Il semble qu’il faudrait une marque, un souvenir particulier pour chacun de ces moments, ce soleil qui envoie les derniers rayons de l’année sur ces fleurs et sur ces fruits, cette belle rivière que je voyais aujourd’hui et hier couler si tranquillement en réfléchissant le ciel du couchant, et la poétique solitude de Trousseau, ces étoiles que je vois dans mes promenades de chaque soir briller comme des diamants au-dessus et à travers les arbres de la route.

Le soir, chez Mme Barbier, où elle a lu des Mémoires de Véron… Ai-je été trop sévère en en parlant il y a deux ou trois jours ? Quoique je ne connaisse encore que ces passages détachés, je ne le pense pas.

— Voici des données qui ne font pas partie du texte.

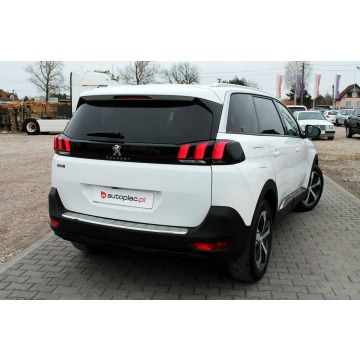 Peugeot 5008  SUV 2017,  1.6 diesel, automat - Na sprzedaż za 59 999 zł - Warszawa - zdjęcie 4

Qu’est-ce que les mémoires d’un homme vivant sur des vivants comme lui ? Ou il faut qu’il se mette tout le monde à dos en disant sur chacun ce qu’il y a à dire, et un pareil projet mènerait loin, ou il prendra le parti de ne dire que du bien de tous ces gens qu’il coudoie et avec lesquels il se rencontre à chaque moment. De là la fastidieuse nécessité d’appeler à son secours les anecdotes qui traînent partout, ou qui, pour lui avoir été communiquées, n’en sont pas plus intéressantes, parce que tout cela ne se tient point, en un mot que ce ne sont pas ses mémoires, c’est-à-dire ses véritables et sincères jugements sur les hommes de son temps. Ajoutez à cela l’absence de toute composition et la banalité du style, que Barbier admire pourtant beaucoup.